Supplied records Block Start
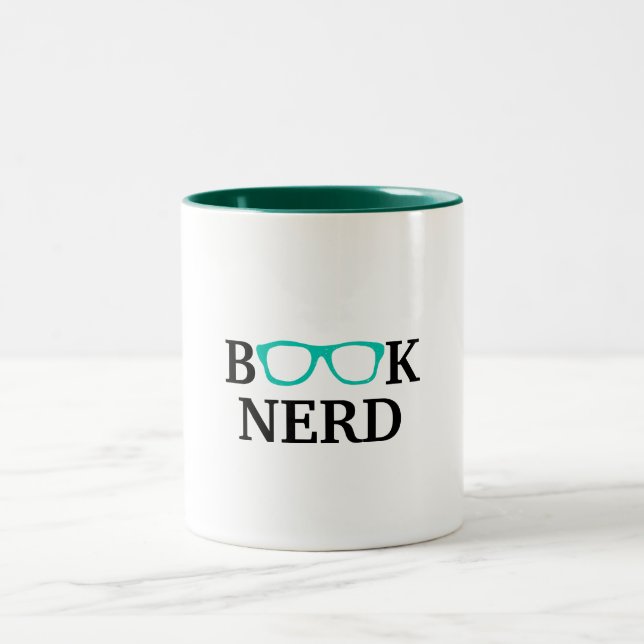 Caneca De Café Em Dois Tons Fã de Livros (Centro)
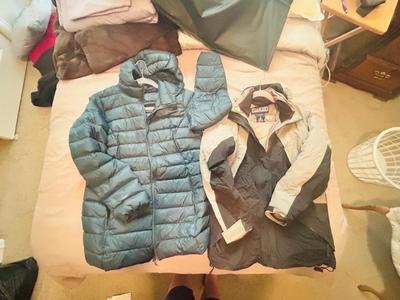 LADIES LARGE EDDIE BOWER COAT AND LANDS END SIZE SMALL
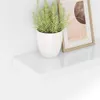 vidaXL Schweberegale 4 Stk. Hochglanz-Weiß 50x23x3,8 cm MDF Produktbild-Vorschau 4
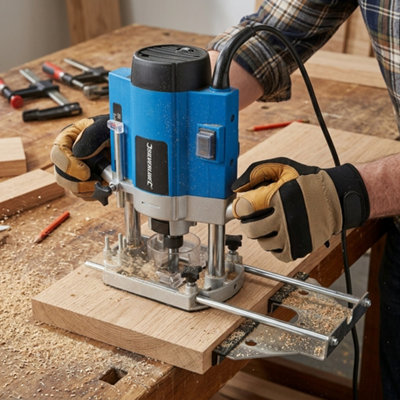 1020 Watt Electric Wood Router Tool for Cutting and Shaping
Supplied records Block End
Supplied records Block Start
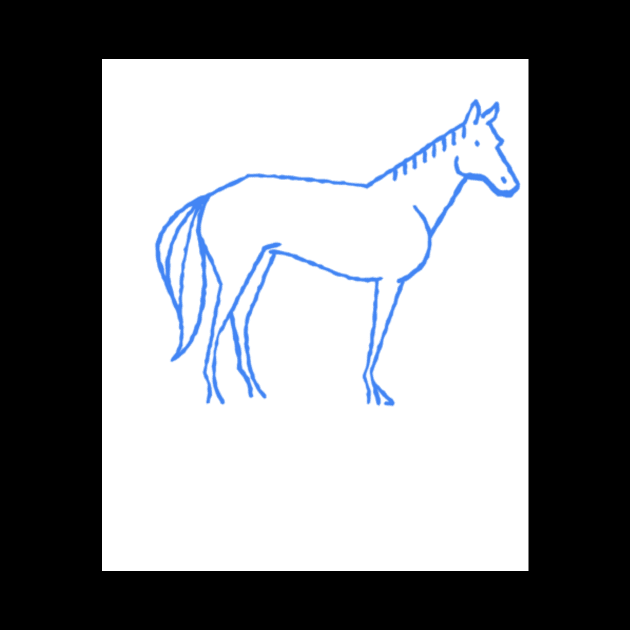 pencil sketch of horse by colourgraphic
Supplied records Block End
▶ _What is being asked_: Find where the line with "Caneca De Café" sits in the material above and where the line with "1020 Watt Electric" sits. Set down exactly the lines from the first to the second, both included and nothing else, without pictures.

▶ _Reply to the exercise_:
 Caneca De Café Em Dois Tons Fã de Livros (Centro)
 LADIES LARGE EDDIE BOWER COAT AND LANDS END SIZE SMALL
 vidaXL Schweberegale 4 Stk. Hochglanz-Weiß 50x23x3,8 cm MDF Produktbild-Vorschau 4
 1020 Watt Electric Wood Router Tool for Cutting and Shaping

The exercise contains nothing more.